Maybe substitution $x=sint$ can lead to solution? When I apply it I get:
$\int_{-\pi/2}^{\pi/2}(cost)^{n+1}dt$
What to do next then?
On
Not a recurrence, but it seems that $$ I_n = \int_{-1}^{1}(1-x^2)^ndx = \frac{2^{a_n}}{b_n} $$ where $a_n$ is OEIS/A030303 and $b_n$ is OEIS/A001803.
Also, $$ \frac{1}{(1 - x)^{3/2}} = \sum_{n=0}^{\infty} \frac{2}{I_n} x^n $$
WA gives $$ I_n = \frac{\sqrt{\pi} \ \Gamma(n + 1)}{\Gamma(n +\frac32)} = \frac{2^{n+1} n!}{(2n+1)!!} $$
On
On the path of Nikola Mijušković...
\begin{align}I_n&=\int_{-1}^1 (1-x^2)^n\, dx\\&=2\int_{0}^1 (1-x^2)^n\, dx\end{align}
Perform the change of variable $x=\sin t$,
\begin{align}I_n&=2\int_{0}^{\frac{\pi}{2}} \cos^{2n+1}t\, dt\\ &=2W_{2n+1} \end{align}
$W_n$ is the n-th Wallis number (see: https://en.wikipedia.org/wiki/Wallis%27_integrals )

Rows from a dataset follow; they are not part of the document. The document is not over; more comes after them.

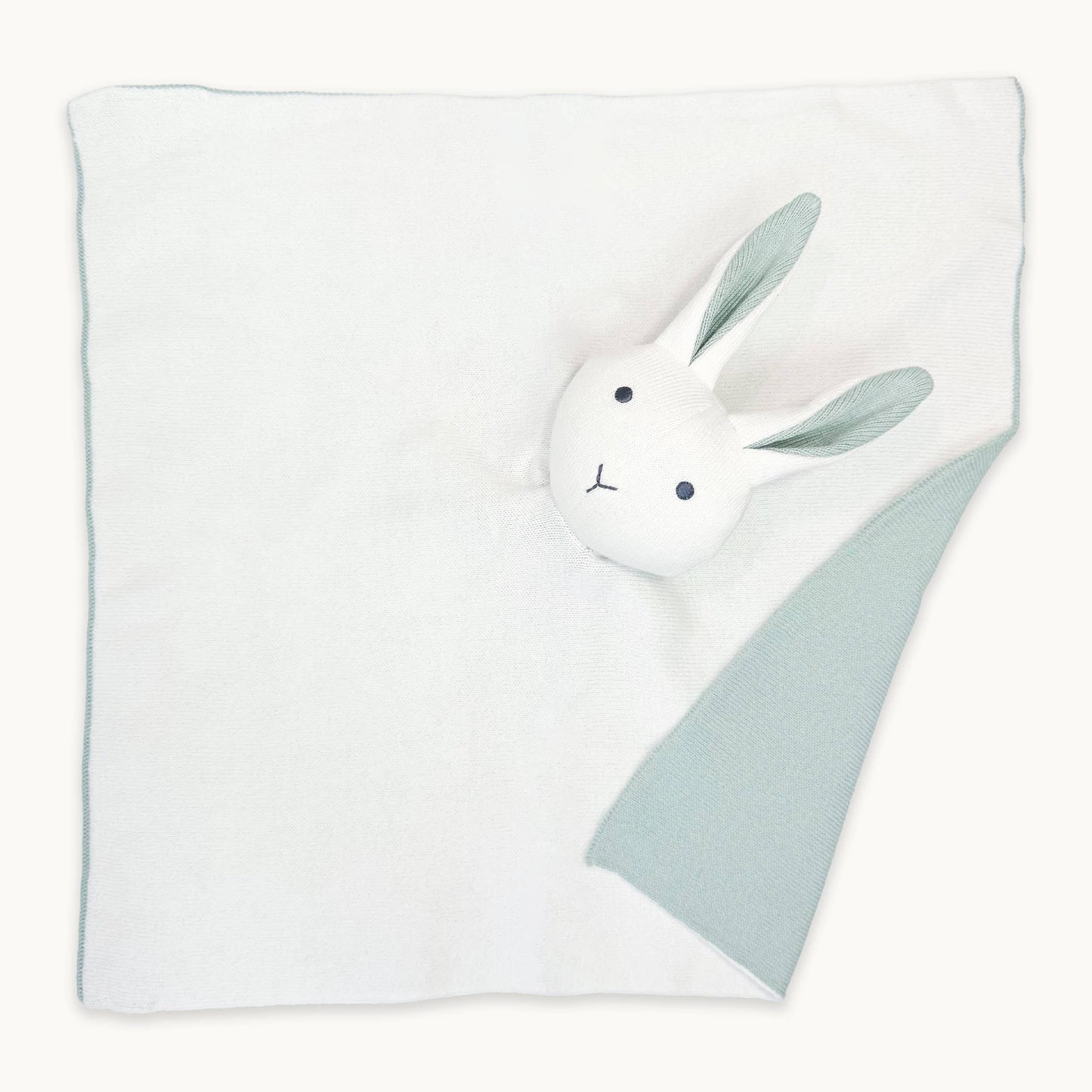 Viverano Organics - Bunny -Organic Baby Lovey Security Knit Blanket Cuddle Cloth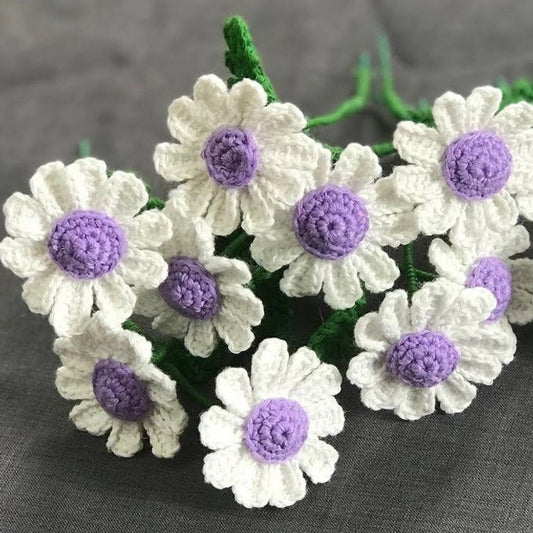 Crochet Purple Daisy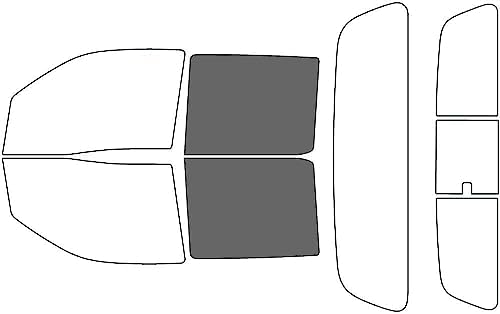 Rvinyl Window Tint Kit Compatible with Nissan Frontier 2022-2024 (4 Door Crew Cab) - Back Precut Kit - 35%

It is known that, for $n\geq 0$,
\begin{align}W_1&=1\\ W_{n+2}&=\frac{n+1}{n+2}W_n\end{align}
Therefore,
\begin{align}I_{n+1}&=2W_{2n+3}\\ &=\frac{2(2n+2)}{2n+3}W_{2n+1}\\ &=\frac{2(n+1)}{2n+3}I_{n} \end{align}
You can integrate by parts directly to obtain \begin{align} \int \limits_{-1}^1 (1-x^2)^n \, \mathrm{d} x &= \left[x (1-x^2)^n \right]_{x=-1}^{x=1} + 2n \int \limits_{-1}^1 x^2 (1-x^2)^{n-1} \, \mathrm{d} x \\ &= 2 n \left[\int \limits_{-1}^1 (1-x^2)^{n-1} \, \mathrm{d} x - \int \limits_{-1}^1 (1-x^2)^n \, \mathrm{d} x\right] \end{align} for $n \in \mathbb{N}$, which is the recurrence relation you are after.